Pyramid Comment

This journal takes an alternative view on current affairs and other subjects. The approach is likely to be contentious and is arguably speculative. The content of any article is also a reminder of the status of those affairs at that date. All comments have been disabled. Any and all unsolicited or unauthorised links are absolutely disavowed.

Friday, February 05, 2010

Cars: The Scrappage Deal

Cars: The Real Purchase Price

The conditions for a successful application suggest that the scrappage of a vehicle is just another name for a trade-in. The vehicle must have both current (renewable) road tax (and NOT SORNed) and an unexpired MOT certificate. These two requirements indicate that the vehicle is classified as roadworthy. It must also have insurance cover (legally delivered by road to the dealer and collection by the dealership is allowed). The dealer organises everything removing any possibility of any scrutiny by the seller afterwards. The seller receives £1000 from the dealership and £1000 from the government against the purchase cost of a new car. It's likely that the dealer then applies to the government to get back the £1000. It doesn't concern the buyer of the new car how the finance is arranged. The only cost to government (taxpayer underwritten) is reduction in taxes raised from the sale of the new vehicle. It's just another cynical method of the taxpayer bailing out the car manufacturer and then buying a vehicle with his own already taxed money.

The 'scrappage' of a vehicle could be interpreted as complete removal from the system and never ending up on the roads again. But this doesn't indicate destruction by crushing. The car almost certainly will end up on a road somewhere: the 'scrapped' = 'traded' car (for £2000) would be sold on into the used vehicle business. This removes the requirement for a private seller of the 'old' vehicle to organise its sale before buying new.

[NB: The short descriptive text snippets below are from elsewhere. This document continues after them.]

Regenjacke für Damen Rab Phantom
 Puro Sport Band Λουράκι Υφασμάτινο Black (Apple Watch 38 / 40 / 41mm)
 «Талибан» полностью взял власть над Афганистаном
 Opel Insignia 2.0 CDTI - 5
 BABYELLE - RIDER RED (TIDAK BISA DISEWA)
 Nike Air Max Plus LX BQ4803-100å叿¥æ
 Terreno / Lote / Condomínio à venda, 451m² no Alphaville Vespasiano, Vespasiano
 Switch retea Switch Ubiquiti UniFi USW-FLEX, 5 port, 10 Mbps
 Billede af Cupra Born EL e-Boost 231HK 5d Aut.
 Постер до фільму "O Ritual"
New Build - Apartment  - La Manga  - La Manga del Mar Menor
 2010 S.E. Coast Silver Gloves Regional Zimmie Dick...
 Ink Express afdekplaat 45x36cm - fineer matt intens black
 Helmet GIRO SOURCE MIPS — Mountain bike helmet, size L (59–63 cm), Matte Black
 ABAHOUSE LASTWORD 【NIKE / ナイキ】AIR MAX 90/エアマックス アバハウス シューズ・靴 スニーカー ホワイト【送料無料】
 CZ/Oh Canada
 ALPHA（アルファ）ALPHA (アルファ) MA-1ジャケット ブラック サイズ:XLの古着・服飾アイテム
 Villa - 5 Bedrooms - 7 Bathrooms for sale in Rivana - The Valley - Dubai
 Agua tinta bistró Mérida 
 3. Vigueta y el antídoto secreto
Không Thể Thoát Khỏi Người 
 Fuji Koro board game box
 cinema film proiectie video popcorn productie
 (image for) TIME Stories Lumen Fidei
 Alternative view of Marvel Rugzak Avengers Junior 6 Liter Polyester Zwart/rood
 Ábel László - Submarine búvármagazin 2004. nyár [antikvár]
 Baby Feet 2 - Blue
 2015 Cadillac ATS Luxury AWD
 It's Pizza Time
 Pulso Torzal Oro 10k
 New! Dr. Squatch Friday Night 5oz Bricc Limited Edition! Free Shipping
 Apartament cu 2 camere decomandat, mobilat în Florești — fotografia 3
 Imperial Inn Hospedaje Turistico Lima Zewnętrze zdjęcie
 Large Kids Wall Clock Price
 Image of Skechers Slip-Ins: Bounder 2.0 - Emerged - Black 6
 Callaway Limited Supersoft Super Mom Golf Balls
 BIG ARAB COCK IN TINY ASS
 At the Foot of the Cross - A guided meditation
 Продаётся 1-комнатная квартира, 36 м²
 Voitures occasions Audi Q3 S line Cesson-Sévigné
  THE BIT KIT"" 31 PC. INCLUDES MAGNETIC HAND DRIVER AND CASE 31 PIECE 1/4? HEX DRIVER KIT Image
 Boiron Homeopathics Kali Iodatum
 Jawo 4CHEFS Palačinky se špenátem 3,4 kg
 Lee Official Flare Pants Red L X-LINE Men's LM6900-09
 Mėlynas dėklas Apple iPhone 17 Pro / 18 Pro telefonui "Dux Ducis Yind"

  • This is similar in principle to the insurance write-off. From the insurers' point of view the repair cost being more than 50% of the car trade-in value, it doesn't make economical sense to effect repairs. It will not necessarily be destroyed by crushing (that should depend on the extent of the damage), but may be sold onto a business at a price that does make it economical to repair and then resell.
This could, in theory, be revealed during the car checks made on a second-hand vehicle before purchase, but that will depend on whether the 'written-off' status has been declared. Only the legal ownership tracking and any outstanding finance or pending prosecutions would be returned. After all, the 'written-off' status is only a commercial decision to declare the vehicle a 'write-off' and doesn't mean that a vehicle is absolutely unroadworthy or that such a declaration must be made. The full vehicle service history is critical to ascertain reliable tracking from new and any break in the history could be that window through which a technical write-off reappeared on a used-car forecourt. If a vehicle does not have a full history then caution should be exercised.

This is no guarantee of a
vehicle's true history

The absolute continuity of history could never be known for an unknown vehicle. The more cars that appear in the used-car trade, and many are bought at auction, the possibility of buying a suspect vehicle increases.